Re: Indecent images plus more.

Post by Suzie, FRG Adviser » Wed Jun 08, 2016 2:12 pm

Hi Alhoward,

Thank you for posting on the parents forum again.

Your post is very informative –particularly the difficulty you have in finding support for your situation. Because children services had assessed you as protective from the start as you no longer wished to carry on a relationship with dad, they had closed your daughter’s case as there was no need for their involvement. The downside is that you may not have been directed to support for yourself. I can see that you might feel very isolated.
You might want to refer back to them for an early help assessment or support in light of dad coming out of prison.


Action for prisoners families’ have some information for families of sex offenders so should be able to offer some support.


I will also ask my colleagues whether they are aware of any specific advice line or service that might be available.

As dad will be coming out of prison soon, I expect that a referral will be made to children services to advise them of this. So children services are likely to get in touch with you again.

Also multi-agency risk assessment will take place to ascertain the level of risk that dad might pose to the public and how that risk will be managed. Here is some information about these assessments.

In respect of any court application for contact that dad might make, you could contact the Coram children’s legal centre or Rights of Women about the legal process.

I hope this information helps but please post again or if you need more in depth advice, you could also contact our advice line on 0808 801 0366.
I will hopefully be able to find other resources that might be of help to you.

Best wishes,

Suzie

Alhow*
Posts: 5
Joined: Wed Mar 09, 2016 10:28 pm

Re: Indecent images plus more.

Post by Alhow* » Sun Aug 07, 2016 10:07 pm

Hi Suzie,

I know a lot of time has passed since I last posted.
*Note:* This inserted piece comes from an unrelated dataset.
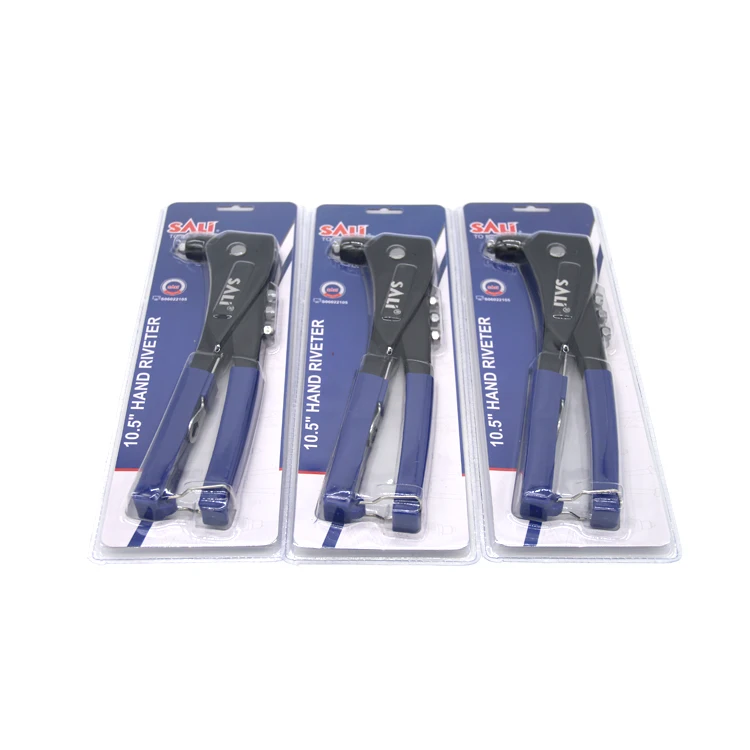 SALI 10 inch labor-saving manual hand riveter gun, high-hardness aluminum alloy riveter gun holder rubber handle riveter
And I must say that I really appreciate your advice and support even though I did not express that at the time. Although I had no other positive support from many places, you quickly responded, and although I felt there was no where left to go, you still tried to help. Thank you. As time has passed, things with my daughter have settled down somewhat. In the last week I learned that my ex partner is now being deported and will not be allowed to come back, as far as I know. As much as that takes most of the decisions away from me I can still not help but feel very sad about the situation for my daughter. I also appreciate that a lot of other women do not have the same situation as me and have to deal with the ongoing harrowing dilemma of the male still being about somewhere. It is truly horrendous. As no one else has posted I will leave it at that. But thank you to you.

Boobop16
Posts: 19
Joined: Thu Jul 07, 2016 8:31 am

Re: Indecent images plus more.

Post by Boobop16 » Mon Aug 08, 2016 10:02 am

Alhoward

At least you have some sort of solution and you know your girl will be safe. Lots of children grow up without fathers, I did, and am a widow so my daughter will as well. More important is that they are loved, nurtured by those who are there. Don't beat yourself up, it's not your fault. Keep heart and keep strong. Wishing you lots of luck.